### GIVEN DATA

[Start of Attachment]

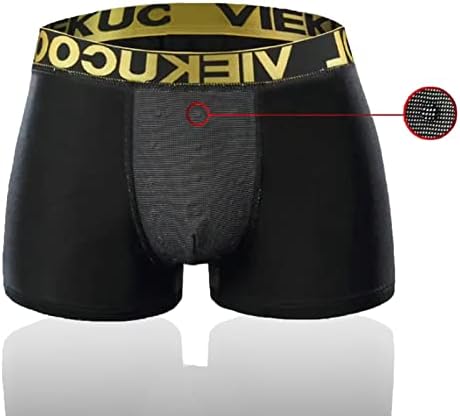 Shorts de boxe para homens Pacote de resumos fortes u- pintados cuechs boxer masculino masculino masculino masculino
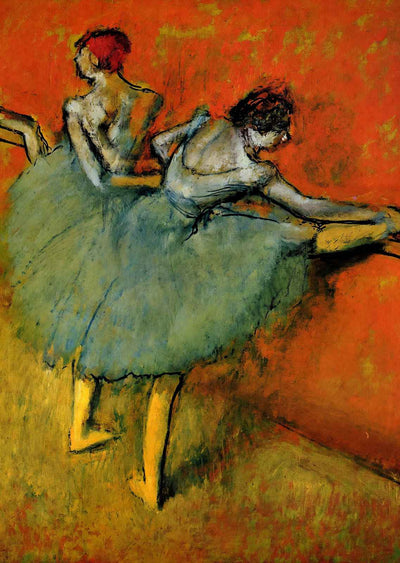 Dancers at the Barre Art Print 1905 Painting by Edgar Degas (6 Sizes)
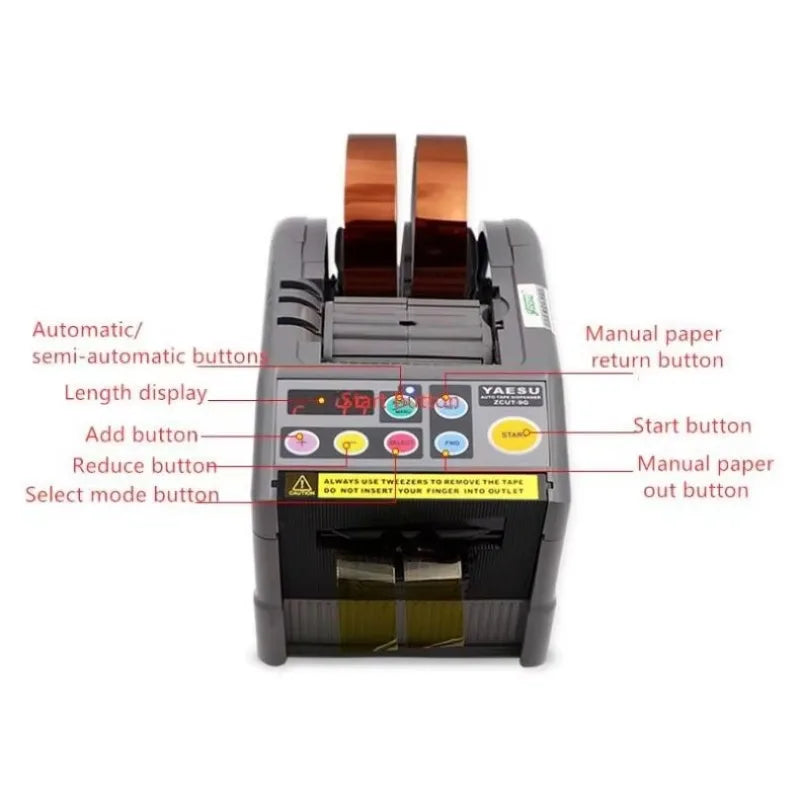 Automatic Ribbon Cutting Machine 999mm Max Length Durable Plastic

[End of Attachment]

The listing above must be repeated exactly, apart from the pictures.

 Shorts de boxe para homens Pacote de resumos fortes u- pintados cuechs boxer masculino masculino masculino masculino
 Dancers at the Barre Art Print 1905 Painting by Edgar Degas (6 Sizes)
 Automatic Ribbon Cutting Machine 999mm Max Length Durable Plastic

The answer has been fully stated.